Williams, along with seven other alumni, were inducted into the Dixie Hollins Athletic Hall of Fame last Friday, Oct. 13. Held in the school’s cafeteria, the small ceremony was attended by friends and family of the inductees.
Williams made history for being the first African-American coach to be inducted into Dixie’s Hall of Fame. A former student, graduate of the class of ’86, he began his professional career at the high school in 1999.
From 2000-05, he touts training such athletics as Andre Hall, who played for the Denver Broncos, Kevin Marion, who broke the state record as a long jumper for Dixie and three records at Wake Forest University and Marlon Flakes, who is one of Dixie’s best hurdlers of all-time.
Within two years of being the track and field coach, the team went from sixteenth in the county to fourth and was district runner-ups.
“When I coach, I do not use profanity. I did not beat people down. I didn’t do the coaching stereotype.
Just yell at them. Just put them down. Just force them to do what you want them to do,” said Williams. “What I was doing, and what I always tried to do was to be positive.”
Williams said that he spoke to his team respectfully, encouragingly and always tried to lead by example. “I tried to have that positive influence.”
During his years as coached, Dixie always finished in the top 25 or 30 in the state of Florida. Now, the program is struggling. That could be due, in part, to the lack of the “Williams Express.”
“The Williams Express is that we traveled first class. I tried to make sure when we went out of town somewhere, we would stay in the Hilton. We wouldn’t do the Holiday Inn… I tried to let them know that we were first class,” he chuckled.
Born in Gainesville, he moved to St. Pete with his family when he was about four years old. A “C” average student, he was on the wrestling team at Dixie. After graduation, he spent four and half years in the army where he was stationed in Europe and in Washington State.

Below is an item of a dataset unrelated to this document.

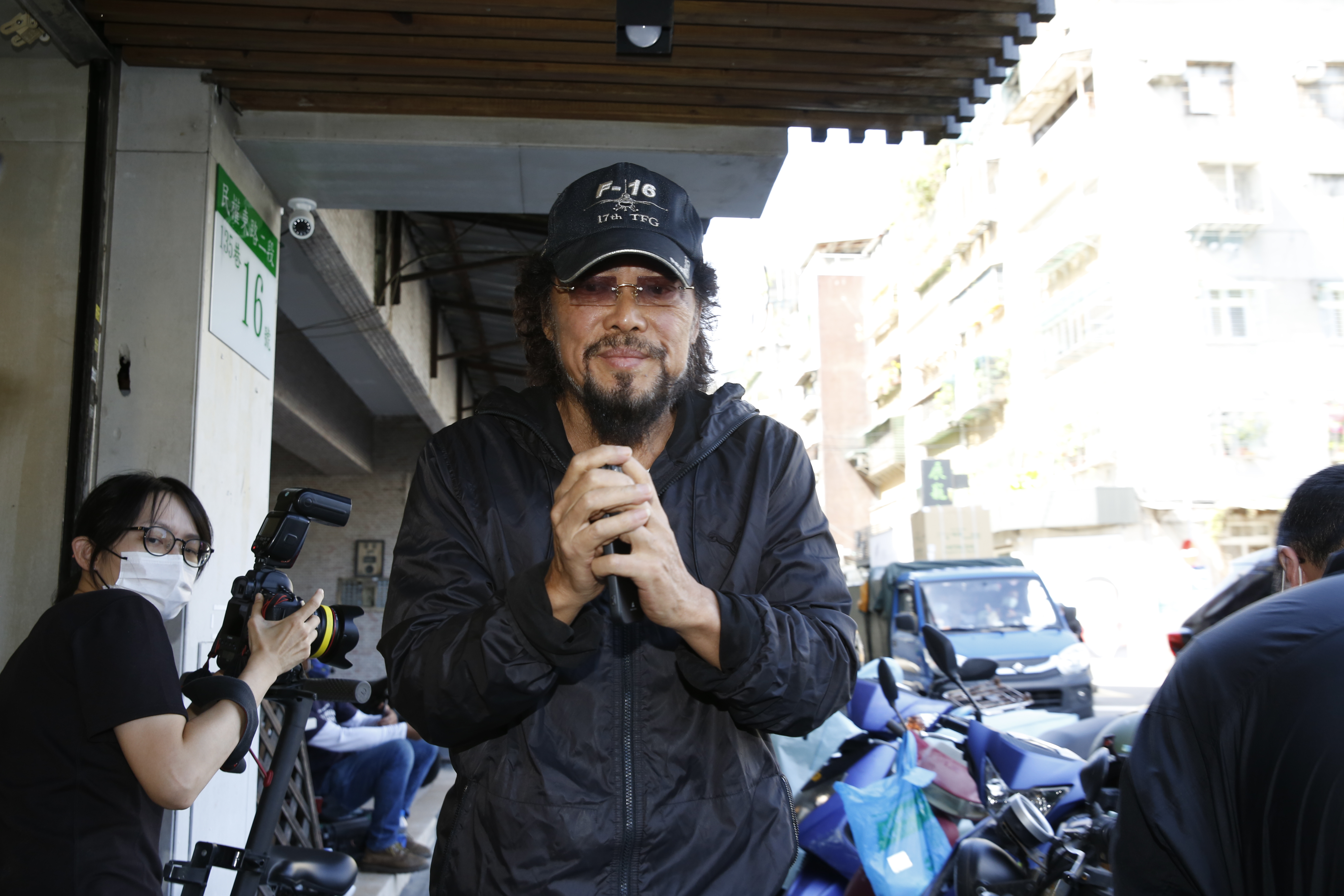 張菲今天下午到靈堂致意，勸余天夫妻要看開放下。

Once out of the army, he came back home and received a Bachelor’s of Arts Degree in African Studies. While coaching at Dixie, he met the love of his life through one of his students. He and his wife Kimberly Brown-Williams are the proud parents of one daughter, who just might be the one to coax him back into coaching.

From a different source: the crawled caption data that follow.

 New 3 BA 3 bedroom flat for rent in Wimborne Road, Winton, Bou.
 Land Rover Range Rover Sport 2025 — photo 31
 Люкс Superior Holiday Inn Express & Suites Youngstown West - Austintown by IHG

Other inductees included John Davis, class of 1971, who excelled in both in baseball and football.
He could not attend the ceremony because that night he was coaching an important game at Clearwater Central Catholic. His good friend and mentor, Doug McClaugherty, accepted his award.

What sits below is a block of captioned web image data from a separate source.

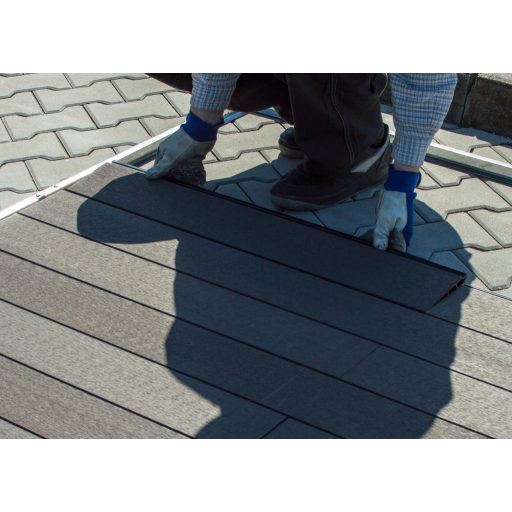 WPC padlóburkolat a G21 GAH 407 kerti tárolóhoz, Eben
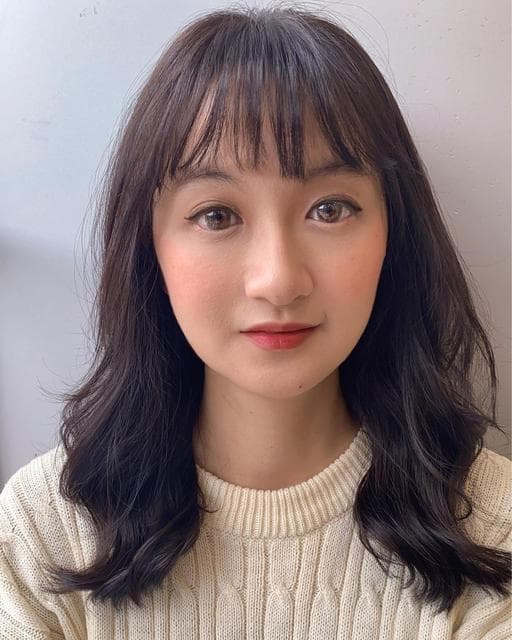 女生中長髮、棕色系、霧面質感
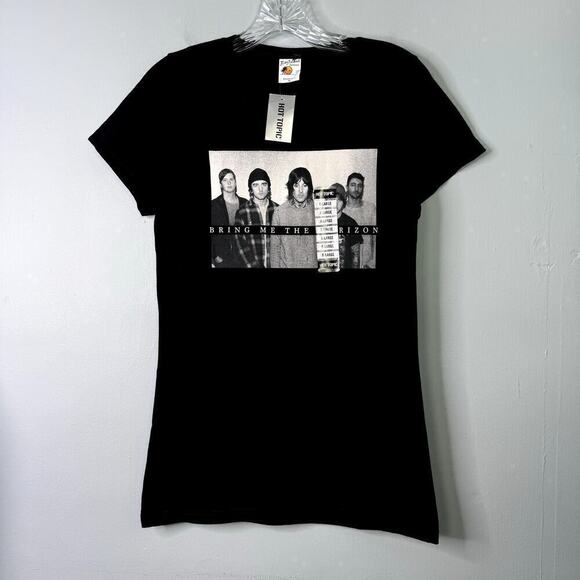 Hot Topic Bring Me The Horizon Black and White Group Shot T-Shirt Juniors' Sz XL - Picture 1 of 11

Inductee Mike Donohue, class of 1964, shined on the football field and in track and field; Marlon Flakes, class of 2002, was recognized for prowess as a hurdler and Alroy Rickerson for his excellence on the basketball court.
Rickerson took to mike to thank Coach Jamie King for guiding him and instilling in him the discipline and the will to win.
“It was not about the honor, it was not the scoring, it was not about the prestige, it was about winning,” said Rickerson, who flew in expressly from Louisiana to accept his award.
Nate Johnson, class of 1975, was inducted in the Hall of Fame for being a superstar in track and field. His record stands today in the 100-yard dash. He now lives in Canada and was unable to make the trip. His good friend and high school sweetheart, Sandra Fletcher, accepted his award.
Greg Waddell, left, and Doug Redd
Bill Rimby, class of 1967, was inducted for his aptitude on the gridiron. He had a conflict of schedule so his daughter Diana accepted his award. Greg Waddell, class of 1997, was inducted into the Hall of Fame for killing it in the bowling alley and on the soccer field; Tony Massey, class of 1984, was honored for wrestling and Coach Nick Spataro for coaching the wrestling team to almost indestructibility.
“It’s an honor to be able to help these young men become great men in the future,” said Coach Spataro, who thanked his assistant coaches, Ed Bryant and Mike Thompson.
Congratulations to all eight inductees!